═════ Data under study ═════
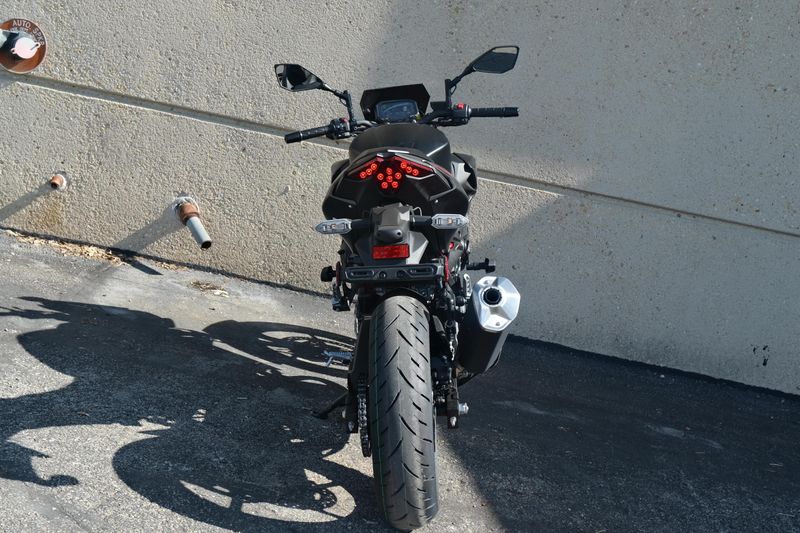2025 Kawasaki Z500 SE ABS CANDY PERSIMMON RED AND METALLIC FLAT SPARK BLACK AND METALLIC MATTE GRAPHENESTEEL GRAY Image 5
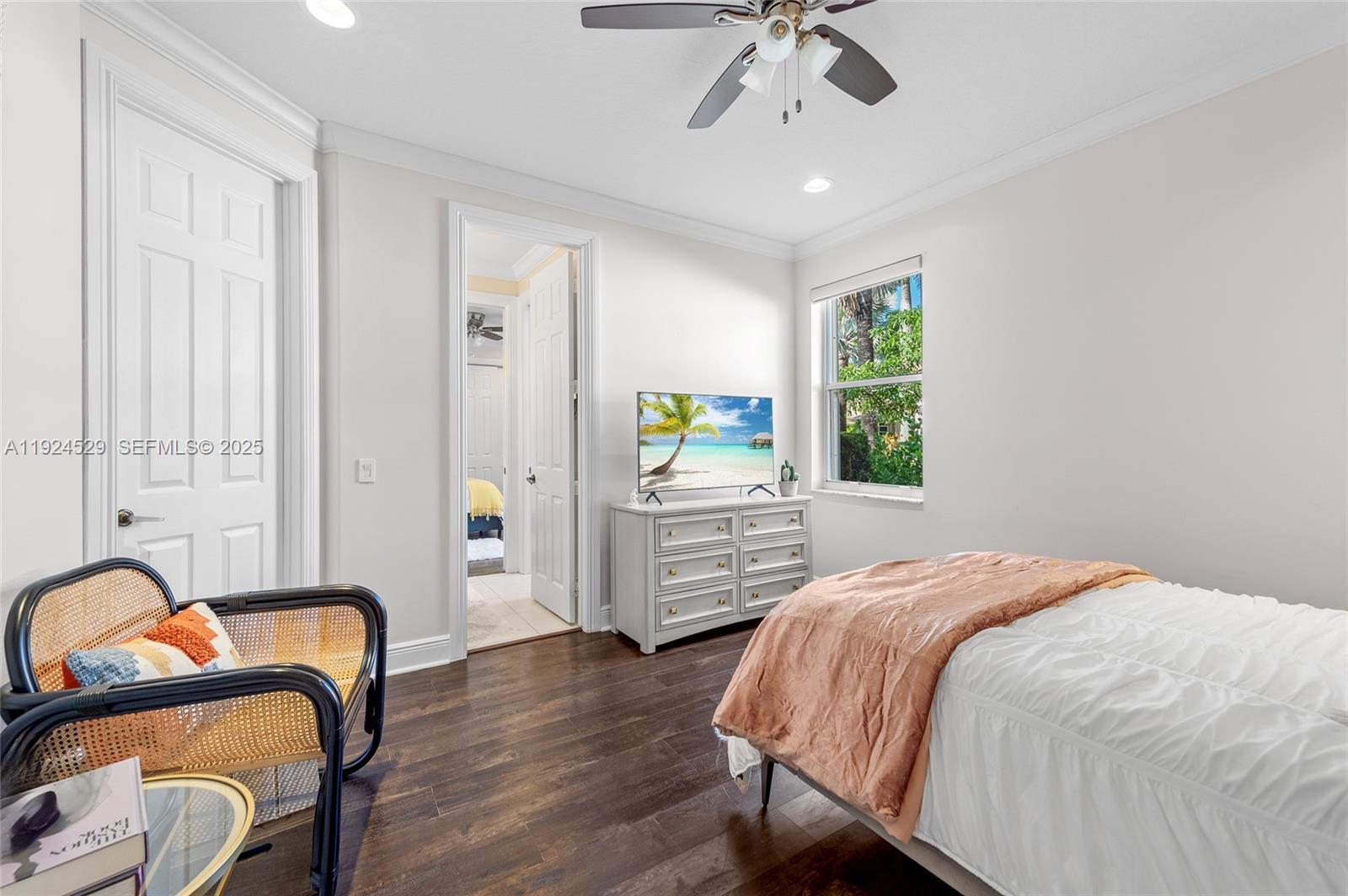 1470 Victoria Isle Dr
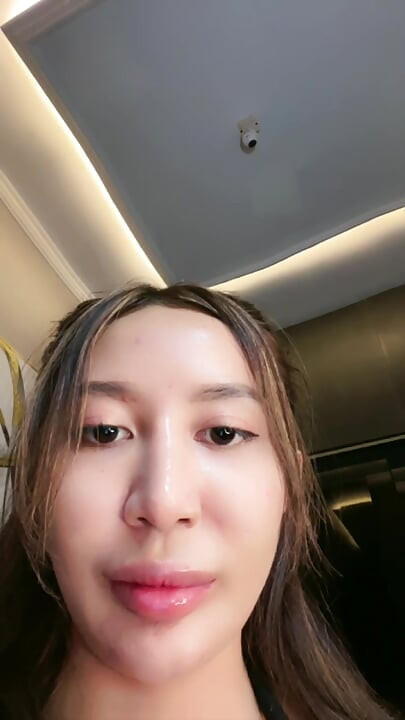 다람쥐의 자지 냄새가 너무 좋아서 다람쥐 같은 냄새가 납니다.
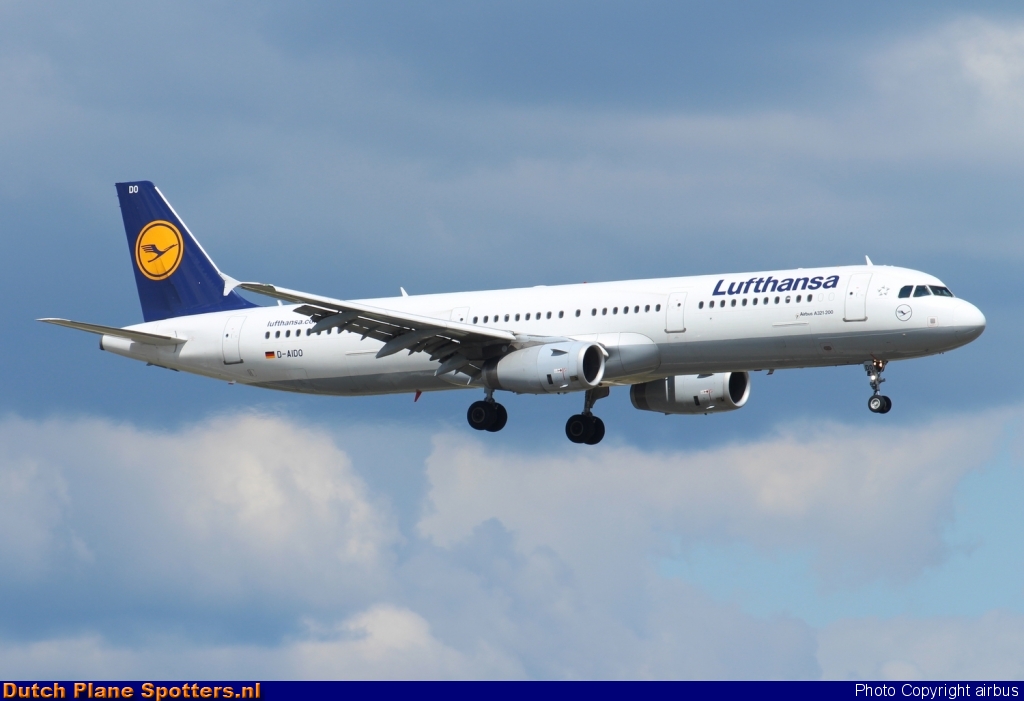 D-AIDO Airbus A320 Lufthansa by airbus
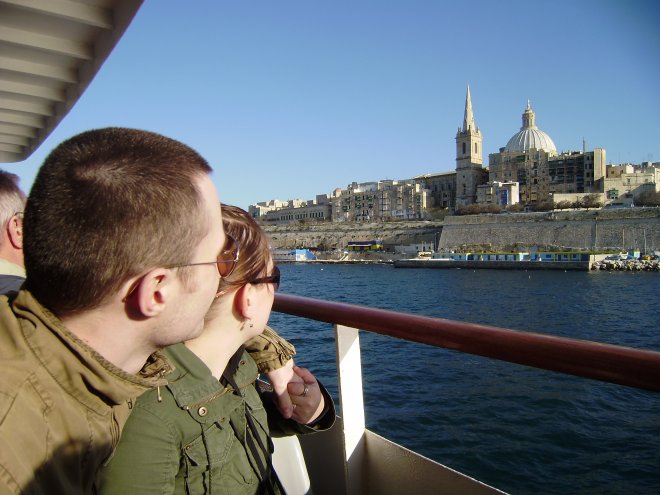 Harbour Cruise. We varen langs de vestingwallen van Valletta. Rommert en Esther genieten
═════
**What you need to do:**
Restate the data word for word without pictures.

**Task answer:**
2025 Kawasaki Z500 SE ABS CANDY PERSIMMON RED AND METALLIC FLAT SPARK BLACK AND METALLIC MATTE GRAPHENESTEEL GRAY Image 5
 1470 Victoria Isle Dr
 다람쥐의 자지 냄새가 너무 좋아서 다람쥐 같은 냄새가 납니다.
 D-AIDO Airbus A320 Lufthansa by airbus
 Harbour Cruise. We varen langs de vestingwallen van Valletta. Rommert en Esther genieten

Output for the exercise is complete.